When we finally landed, we were carried along in a crush of people to baggage claim. The terminal was a maze of contrasts. It was sparse
and there were a lot of unsmiling Japanese guards in uniform, but on the other hand there were pots of brightly blooming flowers everywhere.
We gathered our bags and found our guide, Keiko, who led us to our bus. It was cold and dark and raining as we headed for our hotel
in downtown Hakodate.
As we sat there dazed and confused in bus seats that were surely not designed to accomodate American-sized butts, Keiko began an enthusiastic
monologue introducing us to Hakodate. She offered to take whoever was interested out for ramen or sushi after hotel check-in so, after
depositing our bags and puzzling over the controls on the toilet in our room, we joined the group in the lobby.
As we walked to the restaurant, everything seemed very surreal. I felt like I was walking through the world of "Blade Runner".
There were so many funny looking cars and signs and banners and the constant hum of voices and music over a loudspeaker. I chalked it up
to exhaustion, but then Walt said "I feel like I'm in "Blade Runner" or something".

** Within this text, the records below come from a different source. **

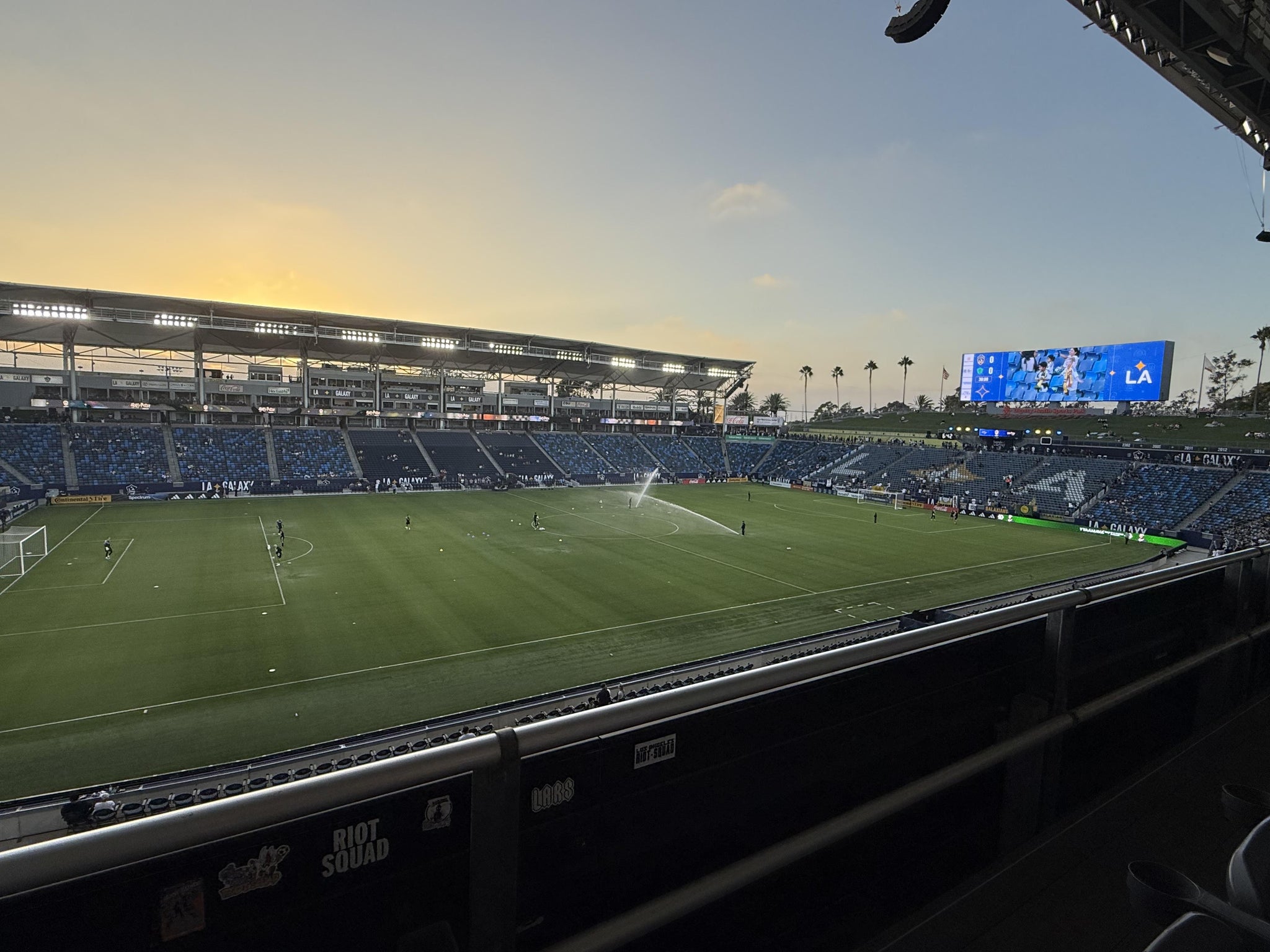Real Fan View taken from Section 235 at Dignity Health Sports Park by Jorge enrique H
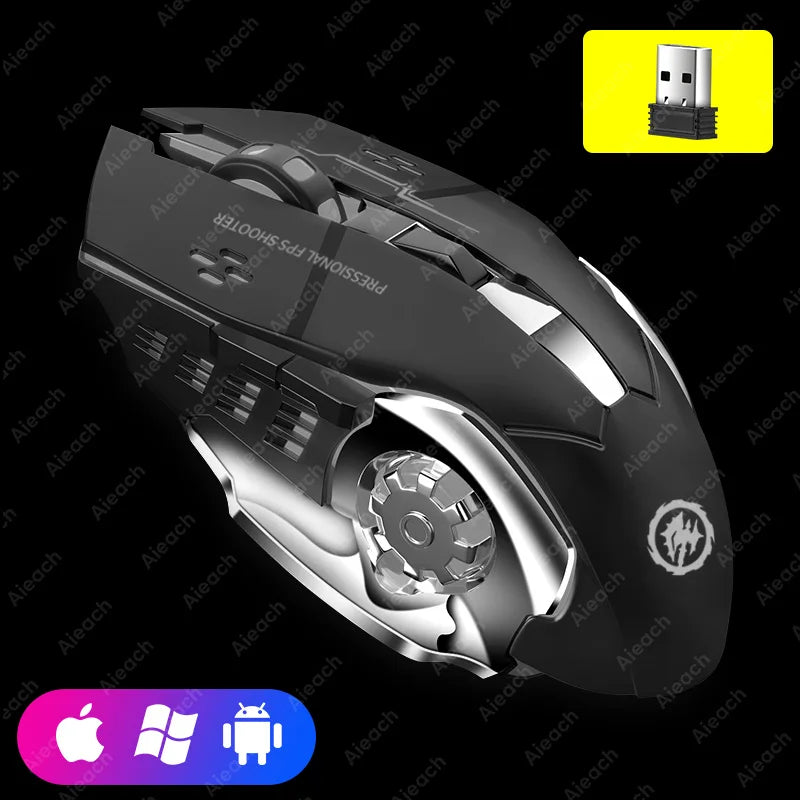 Souris Gaming Rose Sans Fil RGB – VortexLabs, 10 000 DPI, Bluetooth & Rechargeable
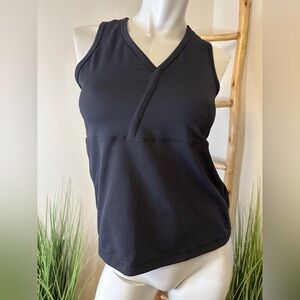 Lands' End Women's Cross Back Sports Bra Black Small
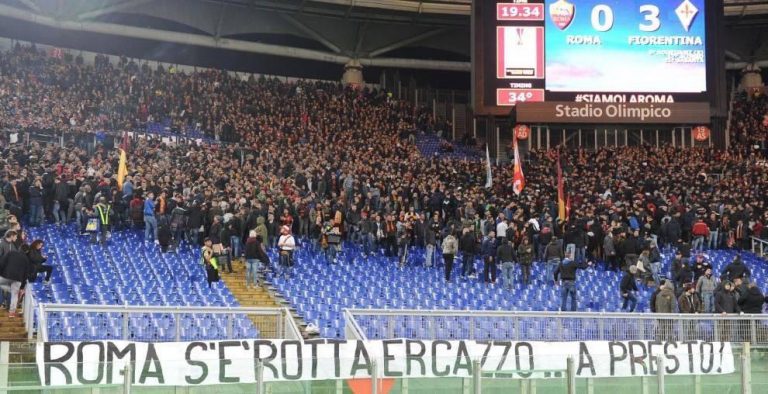 Roma, che orrore! La Fiorentina la umilia 0-3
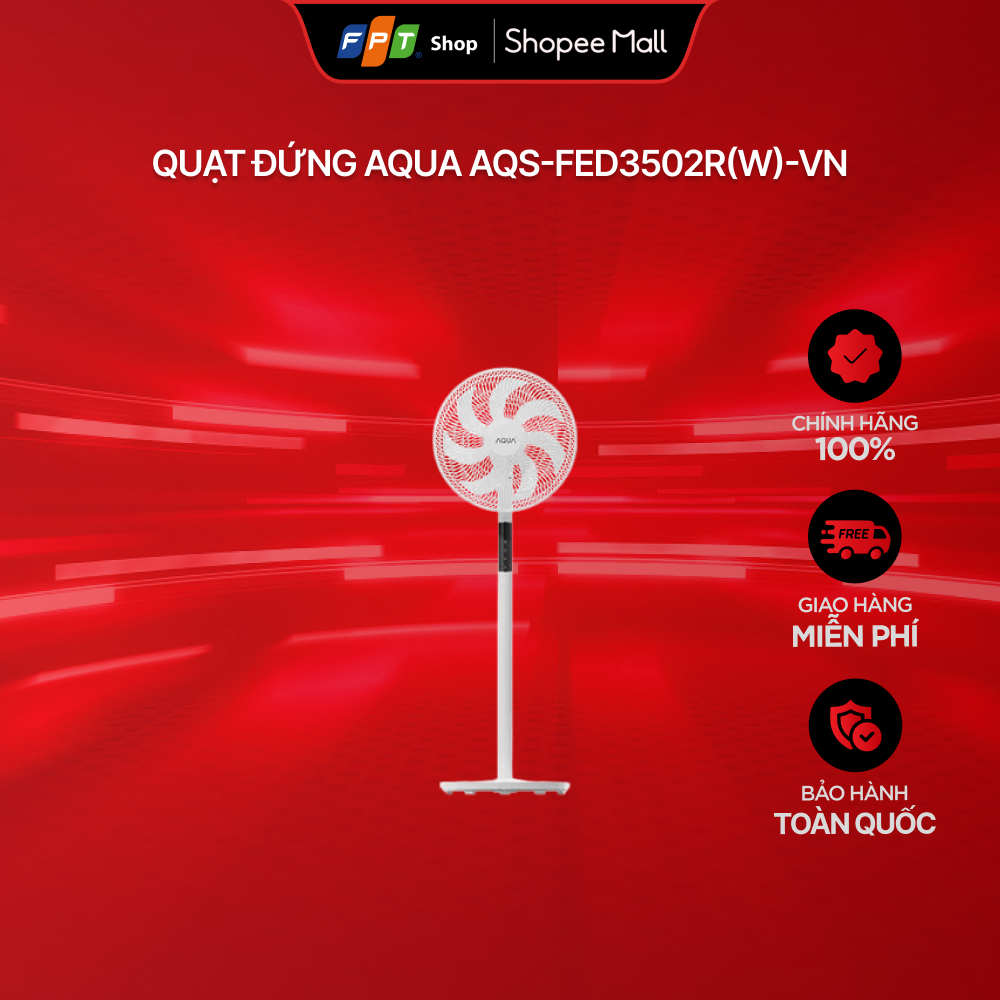 Quạt đứng AQUA AQS-FED3502R(W)-VN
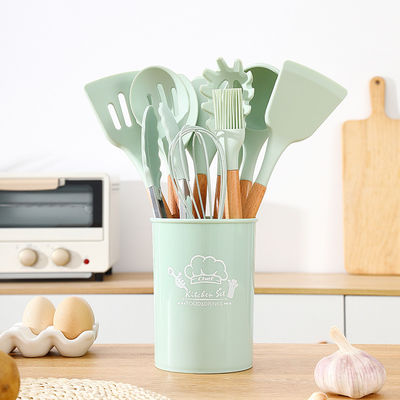 Cooking Tools Kitchen Spatula Utensils Sets with Wooden Handle Sustainable and Durable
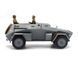 1/35 Sd.Kfz.247 Ausf.B немецкий командирский бронеавтомобиль с фигурами, готовая модель авторской работы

Keiko hustled us through the basement of a department store filled with food booths and people enthusiastically peddling their wares,
back out onto the futuristic street, down a narrow alley, and through the doors of a tiny noodle shop. The staff looked somewhat surprised,
but when Keiko began translating our orders, they began cooking up huge bowls of ramen. It was the perfect meal for a
cold, wet Japanese night.
The next morning, after a buffet breakfast of strange Japanese breakfast favorites (pickled vegetables, salty fish, tasteless rice gruel,
salad, and numerous unidentifiable substances) and even stranger Japanese versions of American breakfast favorites (How do they make those
scrambled eggs and why is the bacon almost raw?) we headed for the Hakodate Morning Market which was located right behind our
hotel. There were stalls and stalls and even more stalls of more crab than I ever imagined - huge crabs, hairy crabs, live crabs, cooked crabs.

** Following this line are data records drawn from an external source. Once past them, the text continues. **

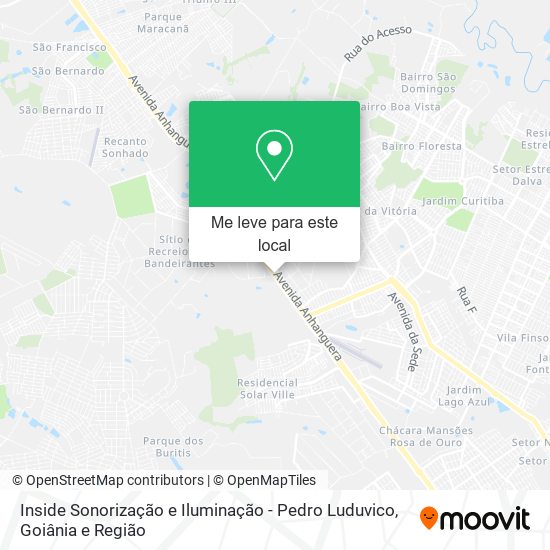 Inside Sonorização e Iluminação - Pedro Luduvico mapa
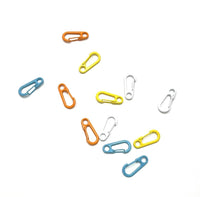 12 mini carabiners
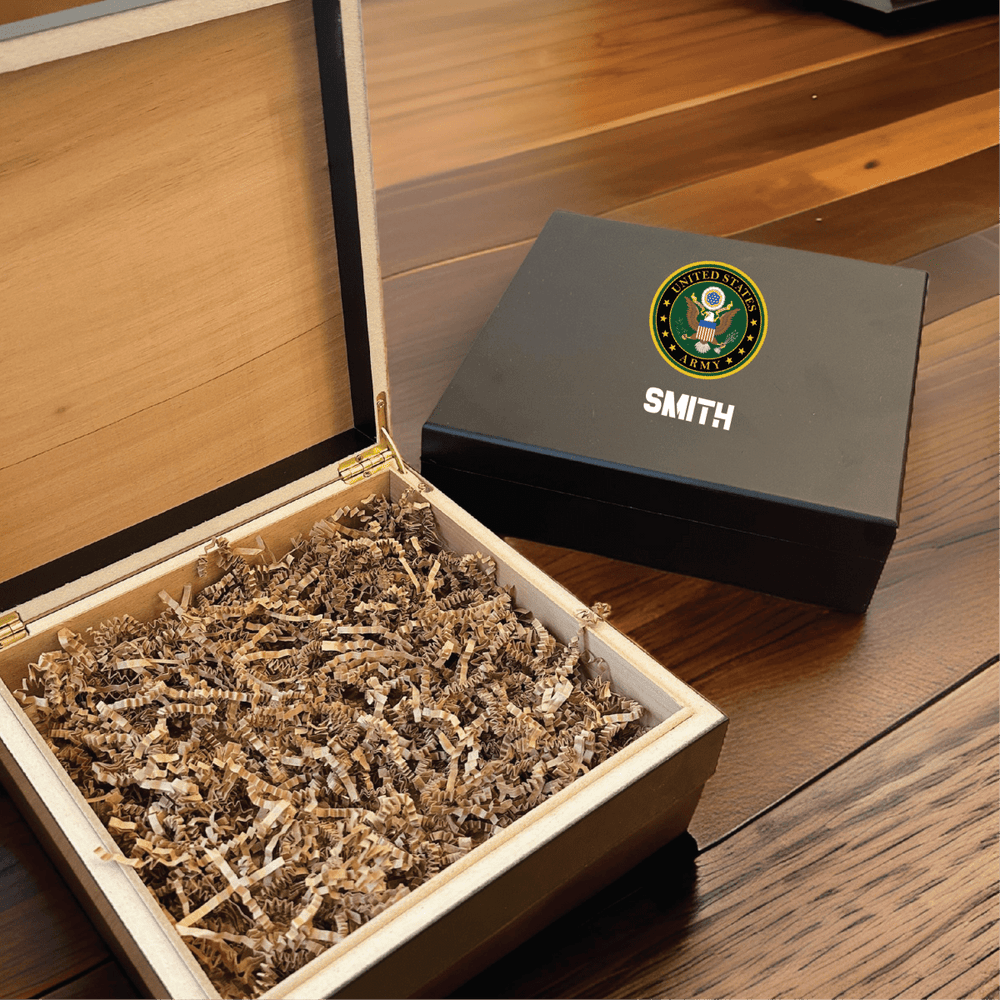 Personalized Military Keepsake Box - Groovy Guy Gifts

There was an even greater abundance of multiple varieties of squid. Then there were the attractively arranged melons that looked
like giant cantelope and cost upwards of $40 each. Incredible! Keiko told us they are sent as special gifts on special occasions.

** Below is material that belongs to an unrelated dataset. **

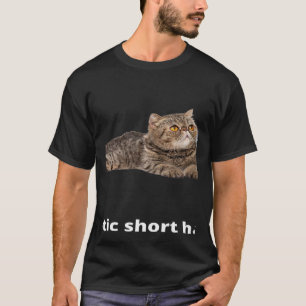 Camiseta O gato Exotic Shorthair Mãe gato Pai gato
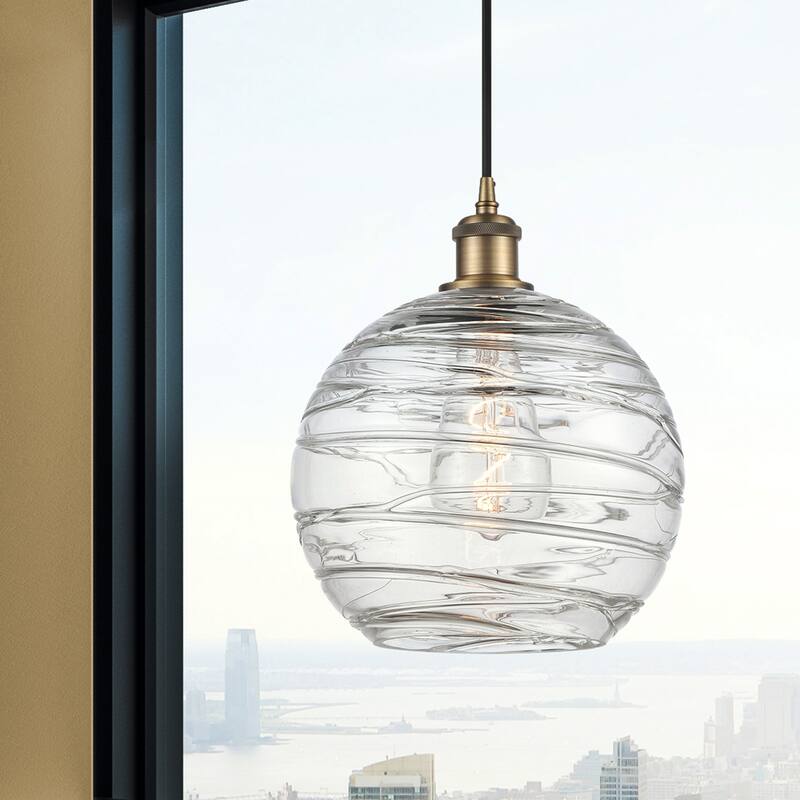 Innovations Lighting Ballston Athens Deco Swirl - 1 Light 10" Cord Hung Mini Pendant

It was great fun wandering among the stalls trying to communicate with the vendors.
The rest of the morning was spent touring various points of interest in Hakodate - a pentagonal fort, a lookout tower, an old
legislative building, a Trapist monestary. The rain continued unabated. We passed a multitude of tiny houses with brightly colored
roofs surrounded by little gardens filled with vibrant flowers and bushes. I was also impressed by the numerous drink vending machines -
an average of 3 per block - offering everything from tea to beer, the lack of litter, and the daring maneuvers of the boxy little cars.
Everywhere we went, huge black birds (ravens?) cawed at us.
This is our tour guide, Keiko, and some of the members of our group. The picture on the bronze plaque is of a very smart man.
If you rub his head, you are supposed to get smarter.